Conflict of Interest Disclosures: None reported.

Figures

**Figure 1.. Study Design**
The levels of circulating exosomal gastric cancer–associated long noncoding RNA1 (lncRNA-GC1) were analyzed in 3 different groups of patients. CAG indicates chronic atrophic gastritis; EGC, early gastric cancer; HD, healthy donor individual; HP, *Helicobacter pylori*; IM, intestinal metaplasia.

**Figure 2.. Expression Levels of Gastric Cancer (GC)–Associated Long Noncoding RNA1 (lncRNA-GC1), Carcinoembryonic Antigen (CEA), Cancer Antigen 72-4 (CA72-4), and CA19-9 in the Test Phase**
A, The relative levels of circulating exosomal lncRNA-GC1 in patients with GC (n = 96) and healthy donor individuals (HDs) (n = 68). B-D, Levels of the standard biomarkers CEA (B), CA72-4 (C), and CA19-9 (D) for patients with GC and HDs. The results are presented as mean (SD). ^aP < .001.

Figure 3.. Expression Levels and Diagnostic Values of Gastric Cancer (GC)–Associated Long Noncoding RNA1 (lncRNA-GC1), Carcinoembryonic Antigen (CEA), Cancer Antigen 72-4 (CA72-4), and CA19-9 in the Verification Phase
A, The relative levels of circulating exosomal lncRNA-GC1 in patients with GC (n = 386), patients with chronic atrophic gastritis (CAG) (n = 37), patients with intestinal metaplasia (IM) (n = 48), healthy donor individuals with positive *Helicobacter pylori* (HD⁺) (n = 64), and healthy donor individuals (HDs) with negative *H pylori* (HD^-) (n = 87). B, The receiver operating characteristic curves of lncRNA-GC1, CEA, CA72-4, and CA19-9 in distinguishing GC from HD. C, The relative levels of circulating exosomal lncRNA-GC1 in stage I GC (n = 85), stage II GC (n = 94), CAG (n = 37), IM (n = 48), and HD (n = 151). D, The receiver operating characteristic curves of lncRNA-GC1, CEA, CA72-4, and CA19-9 used to distinguish patients with early GC (EGC) from HDs. Early GC was defined as stages I and II GC. The results are presented as mean (SD). NS indicates not significant. ^aP < .001. ^bP < .01.
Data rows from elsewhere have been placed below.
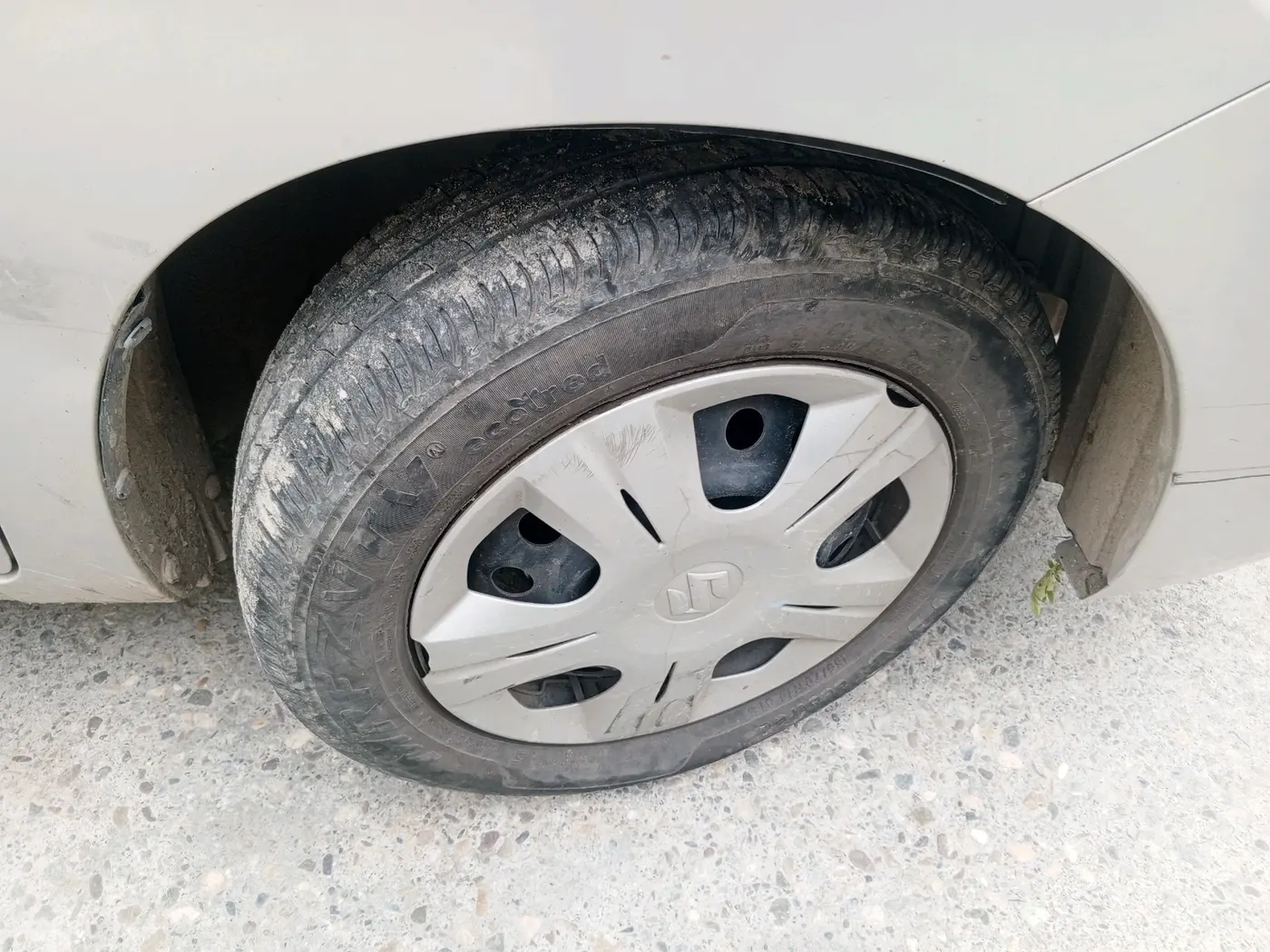 2017 Maruti Wagon R 1.0 VXI AMT, Petrol, Automatic, 41,241 km, tyre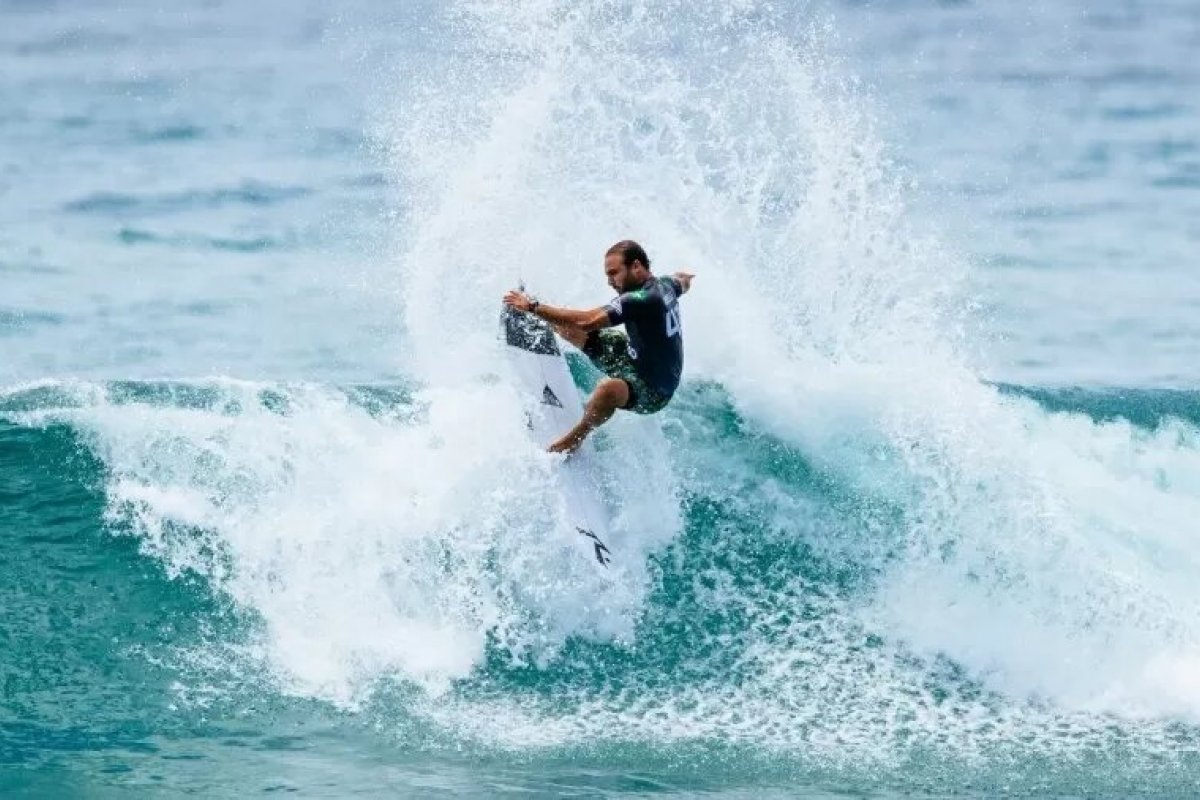 Brasil é maioria em classificatória masculina para elite do surfe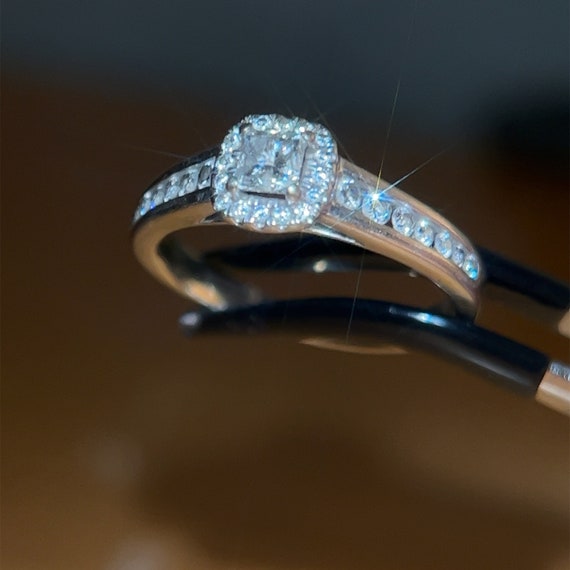 Stunning 14k WG Diamond Engagement Ring - image 4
Figure 4.. Expression Levels and Diagnostic Values of Gastric Cancer (GC)–Associated Long Noncoding RNA1 (lncRNA-GC1), Carcinoembryonic Antigen (CEA), Cancer Antigen 72-4 (CA72-4), and CA19-9 in the Total Phase (Test and Verification)
A, The relative levels of circulating exosomal lncRNA-GC1 in patients with GC (n = 482), patients with early gastric cancer (EGC) (n = 217), patients with chronic atrophic gastritis (CAG) (n = 37), patients with intestinal metaplasia (IM) (n = 48), and healthy donor individuals (HDs) (n = 219). B, Receiver operating characteristic curves of lncRNA-GC1, CEA, CA72-4, and CA19-9 in distinguishing EGC from HD. C, Receiver operating characteristic curves of lncRNA-GC1 in distinguishing patients with EGC with negative status of CEA, CA72-4, and CA19-9 from HD. D, Differential expression of circulating exosomal lncRNA-GC1 between patients with GC before surgery and 5 days after surgery in the supplemental phase. The results are presented as mean (SD). ^aP < .001.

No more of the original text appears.